L’importanza del calvinismo è anche e soprattutto fondata sull’interrelazione fortissima evidente che c’è
con il mondo economico.
Robinson Crusoe ci fa vedere chi sono i borghesi, chi sono i capitalisti, quanto effettivamente ha un peso il
calvinismo. La parte iniziale del libro è piena di avventure poi cambia la trama. Robinson arriva sull’isola e
deve organizzare la sua nuova vita. Tutti i colpi di scena dell’inizio poi svaniscono, i ritmi diventano lenti,
Robinson diventa un contabile: organizza i suoi beni, i suoi possedimenti, calcola i rischi che può correre
come un buon borghese, razionale amministratore dei suoi beni. Intravista poi l’occasione di fuggire via
ritornano i colpi di scena, il ritmo veloce. Concentriamoci su questa parte. Qual è la cosa più strana che
avviene? Sull’isola ha fatto tutto ciò che Dio gli chiedeva, la cosa più incredibile è che la più grande ricchezza
deriva da un terreno che lui possedeva e che non ha mai visto, per il quale non ha mai mosso un dito:
l’investimento perfetto, la chiara espressione del calvinismo: non c’è meritocrazia, è fortuna, è Dio. Franco
Moretti ha studiato a fondo questa correlazione fra Calvinismo e Capitalismo, ha scritto un saggio su
Crusoe: la borghesia fra storia e letteratura. Qual è il ruolo dell’opera Robinson Crusoe? Robinson Crusoe
ha un ruolo chiave in tutta l'età moderna: la fortuna di Robinson arriva altrove, cioè arriva in un luogo dove
lui non ha mai messo piede e non ha mai effettivamente mosso un dito per crearlo, e avrà un punto di vista
sul mondo profondamente protestante. Robinson ha quell’atteggiamento nel quale si segue la propria
inclinazione, i propri talenti; in ambito di obbedienza diventerà più propriamente cattolico. La salvezza si
ottiene perché si è fatto qualcosa o magari ci si è pentiti del proprio errore per il cattolicesimo
cinquecentesco. Il problema dove sorge? Sorge nel fatto che in questo contesto la salvezza, l’onnipotenza di
Dio e la predestinazione vengono prima di tutto. Tutto ciò sfocia, secondo alcuni, nelle scelte economiche
delle persone, sulla capacità di mettersi in una certa direzione, di essere predisposti al rischio.
DINASTIA DEI TUDORS
Come arriva la riforma protestante in Inghilterra? Il protagonista indiscusso della Riforma Protestante in
Inghilterra è Enrico VIII: inizialmente sposato con Caterina D’Aragona, che gli aveva ereditato un solo figlio
maschio, Enrico di Cornovaglia, vissuto soltanto per 52 giorni, e una successiva figlia femmina, la cosiddetta
“Bloody Mary” o Maria la Sanguinaria” (che più avanti vorrà ricostituire il cattolicesimo in Inghilterra,
assassinando coloro che si rifiutavano di convertirsi). Decide di voler divorziare dalla prima moglie, proprio
in virtù del fatto che non concepì un erede maschio. A questo proposito chiese alla Chiesa di Roma il
divorzio nuziale, il quale gli viene negato e decide allora di dare avvio allo Scisma Anglicano.

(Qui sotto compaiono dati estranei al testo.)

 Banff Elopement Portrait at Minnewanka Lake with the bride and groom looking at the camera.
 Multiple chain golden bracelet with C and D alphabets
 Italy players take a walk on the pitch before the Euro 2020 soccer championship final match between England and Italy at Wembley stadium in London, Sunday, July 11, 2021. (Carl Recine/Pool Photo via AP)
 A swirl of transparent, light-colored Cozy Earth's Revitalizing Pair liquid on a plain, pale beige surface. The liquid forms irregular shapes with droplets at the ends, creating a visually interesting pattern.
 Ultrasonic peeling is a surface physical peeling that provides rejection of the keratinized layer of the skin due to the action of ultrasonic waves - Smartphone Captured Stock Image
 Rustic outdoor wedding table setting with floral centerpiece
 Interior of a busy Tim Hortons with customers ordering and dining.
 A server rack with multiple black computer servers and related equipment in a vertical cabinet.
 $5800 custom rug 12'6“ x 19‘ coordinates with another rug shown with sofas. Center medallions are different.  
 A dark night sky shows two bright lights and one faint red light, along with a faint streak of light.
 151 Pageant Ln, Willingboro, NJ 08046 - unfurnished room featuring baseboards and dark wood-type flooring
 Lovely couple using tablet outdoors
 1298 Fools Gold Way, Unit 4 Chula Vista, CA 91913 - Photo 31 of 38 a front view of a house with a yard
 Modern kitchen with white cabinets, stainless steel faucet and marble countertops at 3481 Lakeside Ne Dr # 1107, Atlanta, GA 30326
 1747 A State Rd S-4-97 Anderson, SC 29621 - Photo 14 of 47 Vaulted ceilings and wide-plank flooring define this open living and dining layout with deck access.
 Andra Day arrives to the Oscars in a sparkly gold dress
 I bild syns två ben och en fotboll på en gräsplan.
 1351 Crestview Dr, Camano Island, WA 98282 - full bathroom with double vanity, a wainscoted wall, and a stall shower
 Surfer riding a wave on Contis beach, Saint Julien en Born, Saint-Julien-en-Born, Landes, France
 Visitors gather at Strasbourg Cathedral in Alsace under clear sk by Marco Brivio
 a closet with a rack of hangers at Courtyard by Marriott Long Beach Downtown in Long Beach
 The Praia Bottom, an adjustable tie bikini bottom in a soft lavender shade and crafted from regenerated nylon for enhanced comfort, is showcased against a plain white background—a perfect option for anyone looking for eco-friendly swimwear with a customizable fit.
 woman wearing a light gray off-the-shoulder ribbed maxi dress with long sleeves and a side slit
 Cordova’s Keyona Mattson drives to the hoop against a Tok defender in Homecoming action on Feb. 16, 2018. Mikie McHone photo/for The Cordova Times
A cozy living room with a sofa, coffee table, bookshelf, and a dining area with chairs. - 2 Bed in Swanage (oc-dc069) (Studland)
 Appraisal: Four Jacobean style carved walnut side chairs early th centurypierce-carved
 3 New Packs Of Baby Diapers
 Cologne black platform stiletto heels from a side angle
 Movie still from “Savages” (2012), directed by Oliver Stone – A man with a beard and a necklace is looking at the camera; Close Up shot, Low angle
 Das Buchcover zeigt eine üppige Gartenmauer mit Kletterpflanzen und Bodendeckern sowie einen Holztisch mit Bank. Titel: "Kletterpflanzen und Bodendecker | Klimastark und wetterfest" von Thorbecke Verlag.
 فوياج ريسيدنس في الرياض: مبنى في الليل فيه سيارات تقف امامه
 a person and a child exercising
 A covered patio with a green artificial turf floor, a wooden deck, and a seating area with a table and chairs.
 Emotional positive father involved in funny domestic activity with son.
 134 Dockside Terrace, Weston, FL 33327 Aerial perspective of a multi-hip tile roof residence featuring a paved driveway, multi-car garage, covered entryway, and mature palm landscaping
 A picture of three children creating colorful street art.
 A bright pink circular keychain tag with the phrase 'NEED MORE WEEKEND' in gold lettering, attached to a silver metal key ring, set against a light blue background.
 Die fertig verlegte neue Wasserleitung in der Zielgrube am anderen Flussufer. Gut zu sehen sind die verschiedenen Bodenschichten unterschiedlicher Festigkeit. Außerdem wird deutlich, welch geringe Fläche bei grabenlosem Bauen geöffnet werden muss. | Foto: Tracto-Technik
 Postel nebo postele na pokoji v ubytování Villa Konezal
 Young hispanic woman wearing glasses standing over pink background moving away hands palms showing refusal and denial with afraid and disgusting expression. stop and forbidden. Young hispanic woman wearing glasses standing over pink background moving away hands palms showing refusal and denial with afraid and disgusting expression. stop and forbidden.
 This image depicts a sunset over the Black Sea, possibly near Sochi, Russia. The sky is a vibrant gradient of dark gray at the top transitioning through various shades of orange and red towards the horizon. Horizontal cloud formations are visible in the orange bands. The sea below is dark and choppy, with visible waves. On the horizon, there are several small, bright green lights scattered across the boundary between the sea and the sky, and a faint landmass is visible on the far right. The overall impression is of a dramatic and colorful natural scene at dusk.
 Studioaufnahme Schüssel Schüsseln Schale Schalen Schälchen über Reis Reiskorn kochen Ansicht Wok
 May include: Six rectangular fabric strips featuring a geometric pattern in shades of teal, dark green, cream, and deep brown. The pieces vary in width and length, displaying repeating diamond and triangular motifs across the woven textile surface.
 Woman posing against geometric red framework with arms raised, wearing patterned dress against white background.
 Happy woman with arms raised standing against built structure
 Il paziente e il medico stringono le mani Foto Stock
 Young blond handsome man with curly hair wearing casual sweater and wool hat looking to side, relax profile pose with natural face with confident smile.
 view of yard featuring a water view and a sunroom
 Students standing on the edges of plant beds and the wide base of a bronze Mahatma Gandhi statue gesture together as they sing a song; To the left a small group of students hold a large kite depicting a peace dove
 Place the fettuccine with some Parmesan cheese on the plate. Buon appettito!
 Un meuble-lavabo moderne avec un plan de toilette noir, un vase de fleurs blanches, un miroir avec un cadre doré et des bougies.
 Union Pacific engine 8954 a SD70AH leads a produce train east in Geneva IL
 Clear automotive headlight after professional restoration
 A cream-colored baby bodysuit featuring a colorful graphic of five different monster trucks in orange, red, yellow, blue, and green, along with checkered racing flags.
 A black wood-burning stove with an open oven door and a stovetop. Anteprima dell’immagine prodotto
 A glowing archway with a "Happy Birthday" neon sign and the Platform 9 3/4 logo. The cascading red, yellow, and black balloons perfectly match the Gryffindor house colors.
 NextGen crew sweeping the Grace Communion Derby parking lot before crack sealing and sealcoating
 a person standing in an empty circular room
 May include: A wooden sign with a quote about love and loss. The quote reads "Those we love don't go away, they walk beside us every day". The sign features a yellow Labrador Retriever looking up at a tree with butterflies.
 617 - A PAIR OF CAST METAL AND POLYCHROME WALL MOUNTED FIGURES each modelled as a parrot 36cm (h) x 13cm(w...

Caterina d'Aragona godeva della protezione di Carlo V, essendo la figlia dei re cattolici spagnoli Fernando
D’Aragona e Isabella di Castiglia. Questo matrimonio che, come tutti i matrimoni dell’antico regime era un
matrimonio combinato, rappresenta anche un'alleanza tra dinastie e mette l’Inghilterra in orbita spagnola.
La Spagna possiede questo enorme potere e, dato che siamo di fronte a una situazione nella quale Carlo V
arriva ad avere la corona Iberica e imperiale, così come domini spagnoli in Italia e nel nuovo mondo, da un
lato significa stare in una situazione ben orientata e conveniente, dall’altro si tratta di un matrimonio che
non dà vita a una discendenza maschile, limite importante per una dinastia dell'Antico regime, infatti una
delle ragioni fondamentali delle forze delle dinastie è quella di avere degli eredi maschi perché senza la
dinastia si indebolisce e le altre dinastie europee pensano eventualmente di conquistare quell’impero.
Quindi, Enrico VIII, che è una persona fortemente autoritaria e soggetta agli istinti, non si cura della fedeltà
che doveva portare alla moglie e si innamora di Anna Bolena. Avere un’amante nell’antico regime non era
una cosa nuova, però nessuno ha pensato mai di divorziare dalla propria moglie, fino ad Enrico VIII. Ciò che
emerge è un incrocio vertiginoso tra le motivazioni di carattere personale, quindi di un matrimonio
all’interno del quale si sente costretto e vuole scioglierlo per l’amore che nutre per un’altra persona, e le
motivazioni di carattere imperiale, da un lato si sente oppresso dal Papa e dall’altro dall’influenza spagnola
che gradirebbe molto una forma di autonomia e di affermazione come stato, capace di avere un suo ruolo
nel panorama geopolitico internazionale. Anche la situazione interna inglese è abbastanza pesante: il clero
subisce molto le influenze dalle gerarchie pontificie e quindi è costretto sempre ad ubbidire, suo malgrado,
ma sostanzialmente anche dietro quest’atteggiamento del clero si nasconde una certa irrequietezza,
disobbedienza. Enrico, quindi, decidendo di divorziare da Caterina d'Aragona chiede al Papa
un’ufficializzazione dello scioglimento nuziale, ma che gli viene negato. Allora decide di distaccarsi
totalmente dall'autorità e di istituire, in maniera autonoma, una nuova chiesa: la chiesa anglicana, di cui lui
è il capo supremo (da capo politico diventa anche capo religioso). Tutto il clero anglicano si affranca dalla
sua dipendenza al pontefice e acquisisce un margine di autonomia che prima non aveva. Sotto il sovrano,
alla guida della chiesa anglicana, c’era l'arcivescovo di Canterbury. La nascita della chiesa anglicana è
l’incrocio di due elementi: le inclinazioni personali e le follie identitarie di Enrico VIII e la questione di
carattere politico. È come se la questione personale di Enrico VIII si sovrapponesse a una considerazione
che era di carattere geopolitico, oltre che politico-religioso. Alla fine riesce a divorziare e condanna a morte
tutte le sue mogli poiché l'auspicato e desideratissimo erede maschio non arriva mai.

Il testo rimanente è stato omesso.